Wales attack coach Stephen Jones believes his side have learned from their mistakes of 2020 and have put that experience to good use at the start of this year’s Guinness Six Nations campaign.
Wayne Pivac’s side won just three of their ten Test matches last year, including a run of six consecutive defeats, as they relinquished their hold on the Championship trophy by falling to a fifth-place finish.
But after that turbulent transitional year for the new boss – who took over from Warren Gatland after the 2019 Rugby World Cup – Wales have come out the other side looking as revitalised as ever.
Victories over Ireland and Scotland see them sitting second in the table heading into their Round 3 clash with England in just over a week’s time, and Jones believes a tricky 2020 has helped them in the long run.
“I think we’re in a good position. We used the autumn series to give opportunities to a lot of young guys and new players,” said Jones.
“That was the whole aim, to develop strength in depth. I was delighted with the experience those boys gained in the autumn and how they’ve hit the ground running with us in this campaign.
“With the autumn, we made it clear what the autumn series was about, which was to develop and learn about a lot of the players.
“With that goes a bit of the results, but it was about the bigger picture. So far, we’re two from two and we’ve got good momentum which is exactly what we want.”
Wales remain unbeaten after a 21-16 victory over Ireland in Round 1, followed by a pulsating 25-24 win over Scotland at BT Murrayfield in Round 2, as Louis Rees-Zammit turned on the style to help his side come from behind on both occasions against teams reduced to 14 men.
The 2019 champions have scored six tries in their two matches, despite having carried the ball in hand for the least time of any of the six competing nations after two fixtures – with just 968.9m gained in possession.
And Jones puts that down to his side’s efficiency in the contact area, which has seen them make the most of the times when they have the ball in their grasp.
“You’re learning all the time. It’s as simple as that,” Jones explained. “Whether you’re learning about certain players you work with or law changes that affect something.
“The most recent one was the autumn where the contact area was key. Talking from an attack perspective, efficiency there and how you get the speed of ball to play the want to play is the big focus.
“Speed of ball, how we shape defences, that is our focus point. We just want to do that for longer periods, that is our goal.
“When you attack, you want to control and dictate the speed of the game. Being efficient in the contact area allows you to do that.”
Next up for Wales is an encounter with reigning Guinness Six Nations champions England at Principality Stadium, as they look to secure the Triple Crown with victories over each of the home nations.
And Jones is well aware that Eddie Jones’ defence will be a tough nut to crack in Cardiff next Saturday but his side are more than up for the task in hand – brimming with confidence after two wins on the spin.
“We respect England as they’re Six Nations champions.
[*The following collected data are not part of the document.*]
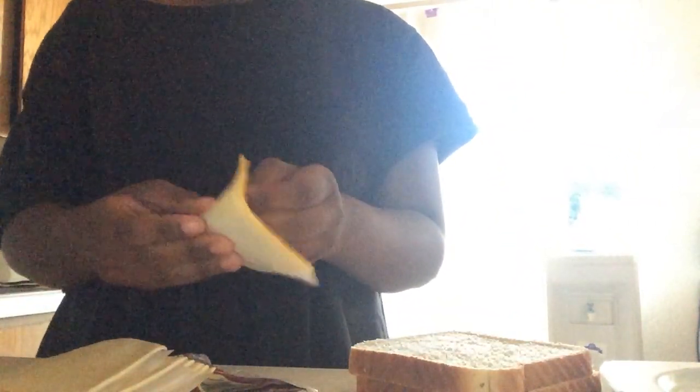You need two cheese slices. I hate this part because there's frickin' pieces of paper that keep it from sticking between all of it. Put it... and put it. Don't worry, this is mine. Plus, I do wash my hands.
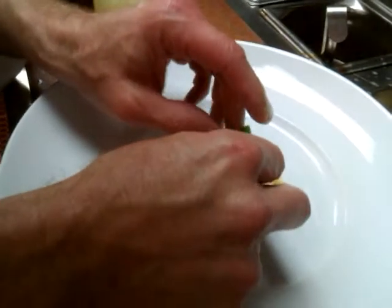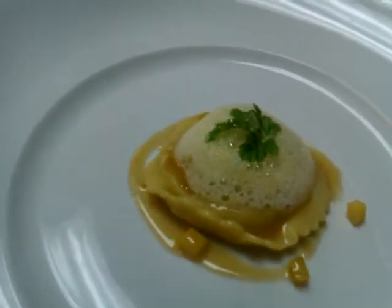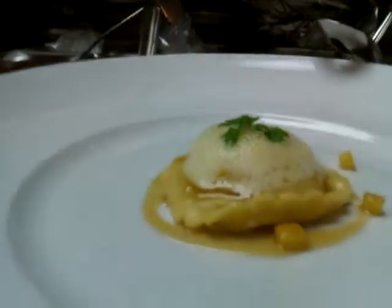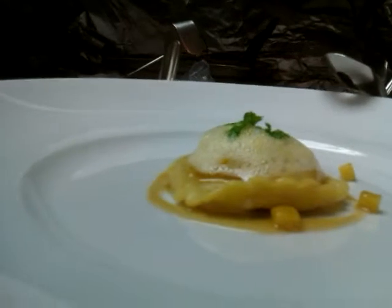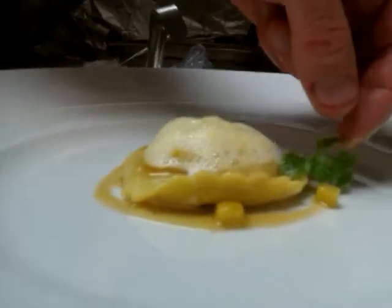And then we will just do something like that. Get a little close up on that. Down like here. Maybe this is actually better over here on the side.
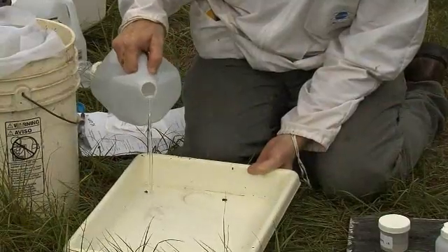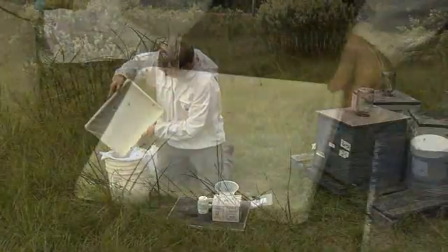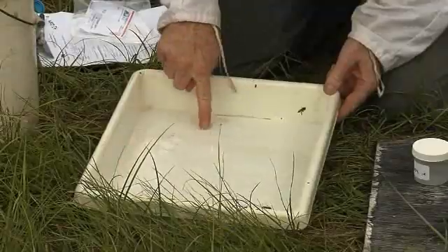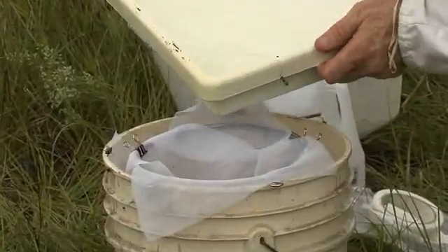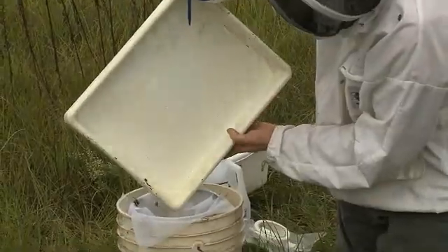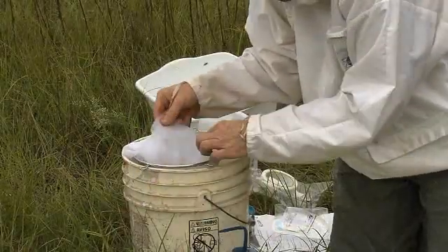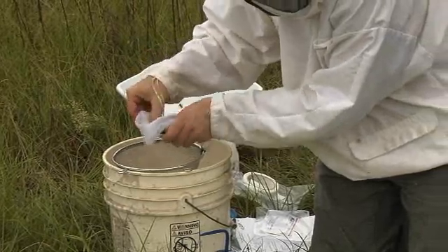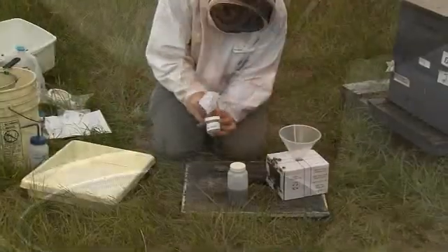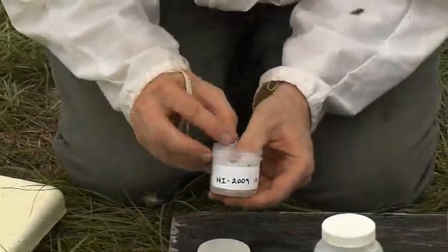Place about two cups of water into the collection pan and gently swirl the contents before pouring the water and debris through the nylon filter. Pour another two cups of water into the collection pan to remove any remaining debris. If necessary, use your finger to gently dislodge anything stuck to the bottom of the pan and pour the contents through the filter. Use the wash bottle to remove any remaining debris and pass it through the nylon filter. Now gently remove the nylon filter from the strainer, folding it so that the filter debris remains secure in the center. This debris will be examined for mites, specifically Tropilaelaps. Gently place the nylon filter into the small bottle containing alcohol and seal the bottle — be sure the filter debris is submerged in the alcohol.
There is a huge amount of experience in their side. From our perspective, we’re really looking forward to it,” Jones said.
“The players they’ve got, their mindset and repeatability in defence, I respect them in that part of the game. For our attack it’s a great challenge and one we’ve got to really look forward to.
“We know it’s going to be a physical challenge, but we’re back in Cardiff and are two from two. There’s a lot of momentum and huge amount of excitement here.”